Visto che alcuni degli invitati andavano alla caccia dei posti migliori, prese la parola. Gelò tutti, dicendo: “Tu, quando sei invitato a nozze da qualcuno, non metterti al primo posto”.
“Chi è questo sapientone, questo intruso, questo ficcanaso che vuol darci lezione di buon comportamento?” si saranno chiesti quelli che avevano occupato i primi posti. “Bella lezione!” avranno commentato gli invidiosi che si erano visti sfuggire i posti più ambìti.
Gesù era il personaggio del giorno. La sua fama riempiva le cronache non solo dell’intera Palestina, ma anche al di là del Giordano. Gli offesi, che covavano vendetta e gli altri che ghignavano soddisfatti, chiesero ad una voce: “Perché?”. Gesù rispose: “Perché non ci sia un altro invitato più degno di te e colui che ha invitato te e lui, venga a dirti: cedigli il posto”.
Cosa dire? Proviamo. Chi volesse fermarsi alle regole del galateo, potrebbe dare sfoggio della sua cultura e dire: “Gesù ha perfettamente ragione”. Certo, anche il buon galateo è indice di educazione e di rispetto di una giusta gerarchia, ma Gesù punta molto più in alto, oltre la tastiera delle norme sociali, necessarie, ma fredde.

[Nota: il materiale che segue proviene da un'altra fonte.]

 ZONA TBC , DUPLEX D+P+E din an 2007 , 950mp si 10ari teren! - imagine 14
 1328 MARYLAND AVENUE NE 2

Gesù, in quel cercare il ‘primo posto’, mette a nudo un difetto che, normalmente mette radici nelle persone che, o per la professione che esercitano e che innalza nella scala della notorietà, o per il potere politico o religioso che ricoprono, o per la smania di chi, pur di apparire, magari accontentandosi di raccogliere le briciole d’oro che cadono dalla mensa del padrone, si offre a fare il portaborse di qualche potente di turno. Questo per Dante è il girone dei vanitosi, dei carrieristi, dei superbi, degli ipocriti che, pur di salire, sono disposti ad indossare l’abito dell’agnello e altre volte a sguainare la spada della lingua, del denaro o del potere.

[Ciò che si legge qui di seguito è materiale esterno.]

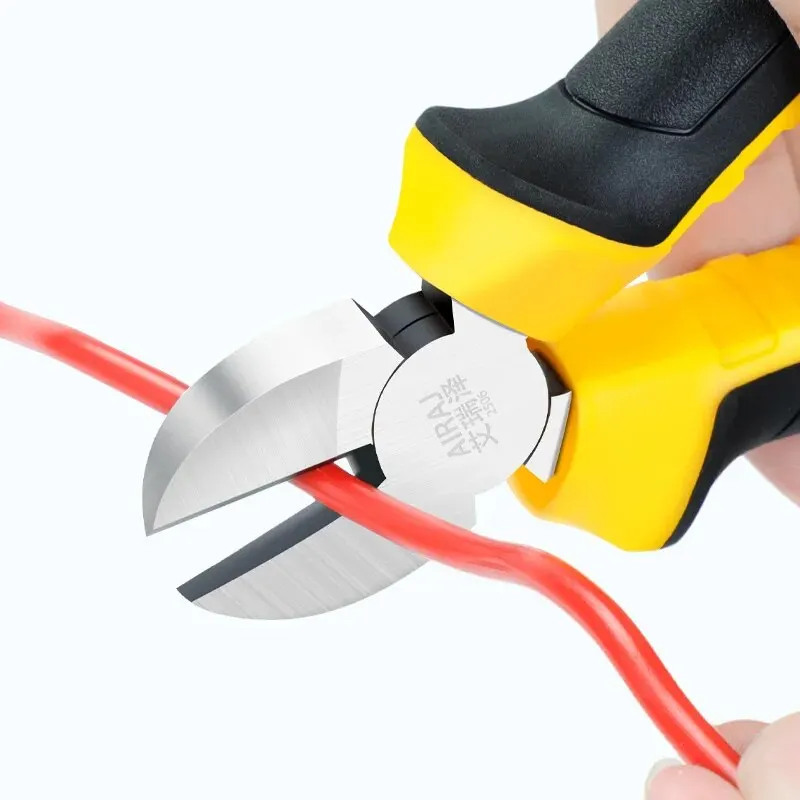 3 Types Of Pliers Including 8-Inch Wire Pliers 6-Inch Pointed Nose Pliers Diagonal Pliers Suitable For Household Use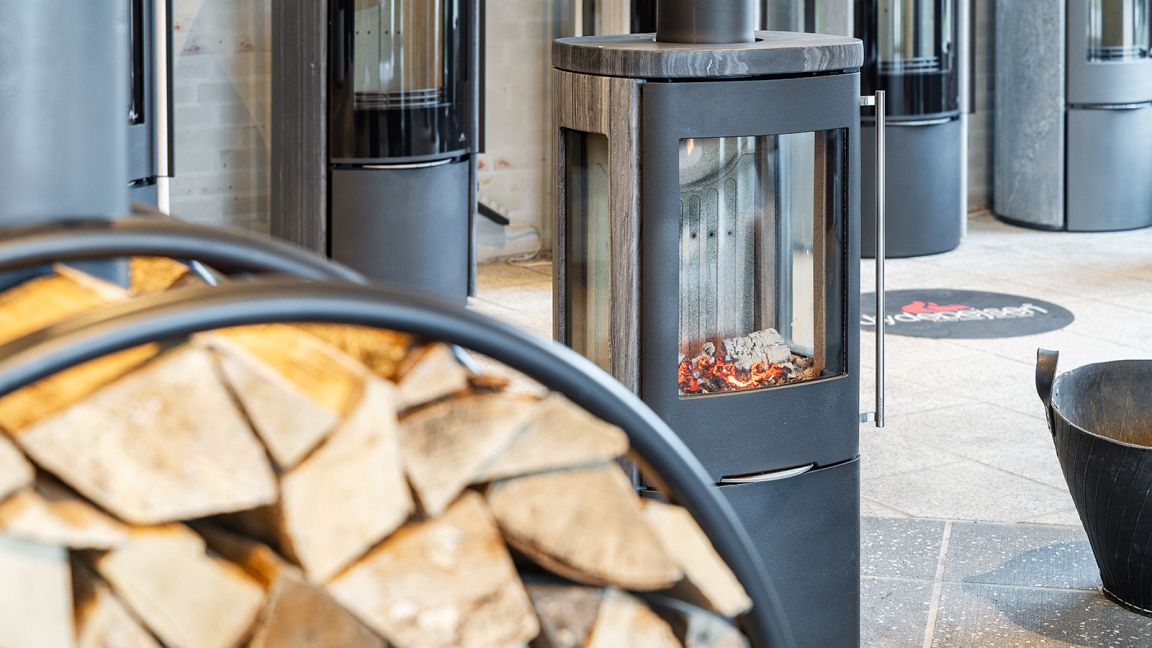 Jydepejsen Stoves - Hot Box Stoves York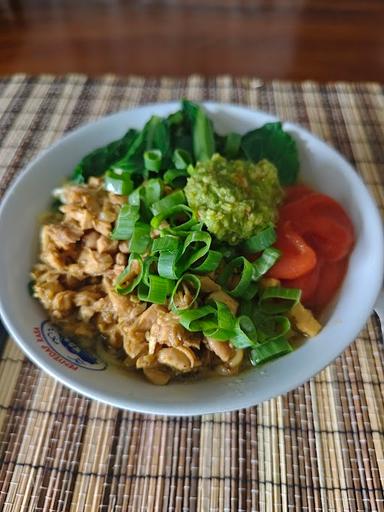 MIE AYAM DAN SOTO MBAH TUNG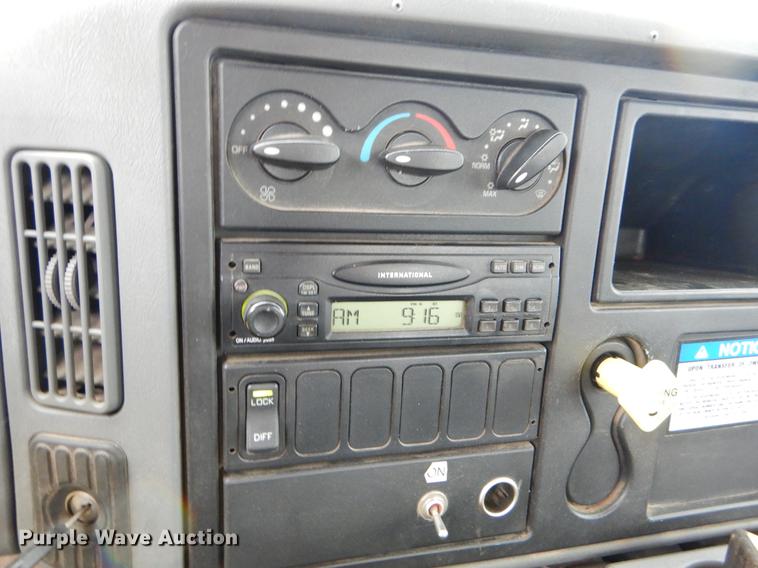 image for item G1846 2006 International 4400 digger derrick truck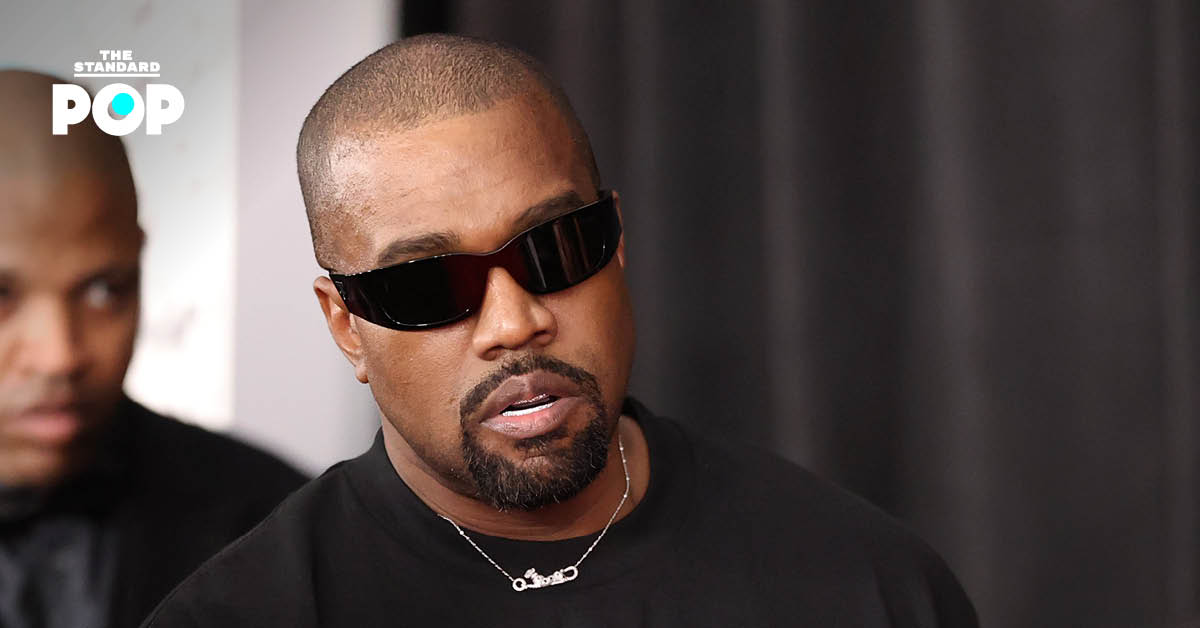 Kanye West หรือ Ye ขณะเดินบนพรมแดงในงาน Grammy Awards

Ecco la virtù cara a Dio, che Gesù incarnò fin nel seno materno, predicò, per la quale, con la quale salì il duro legno della croce. Mentre noi lo abbiamo addirittura cacciato fuori dalla sala da pranzo, Dio Padre, che tutto vede, lo ha posto a capotavola. Quale è questa virtù, preziosa come l’acqua che silenziosamente nutre uomini, animali, terra; riempie i fiumi, i mari; vivifica gratuitamente, chiedendo solo rispetto? Questa virtù, che ha fatto grandi i santi, sia quelli da altare, sia quelli che solo Dio riconosce; questa virtù che divenne il motto di un vescovo, poi innalzato sulla cattedra di Pietro, il cui nome di battesimo è Albino Luciani, questa virtù si chiama ‘umiltà’, da humus, la madre-terra che dona a tutti di che vivere, senza attendere un grazie, ma rispetto sì. “Chi si esalta sarà umiliato e chi si umilia sarà esaltato” disse Gesù, oggi anche per mezzo di Papa Francesco.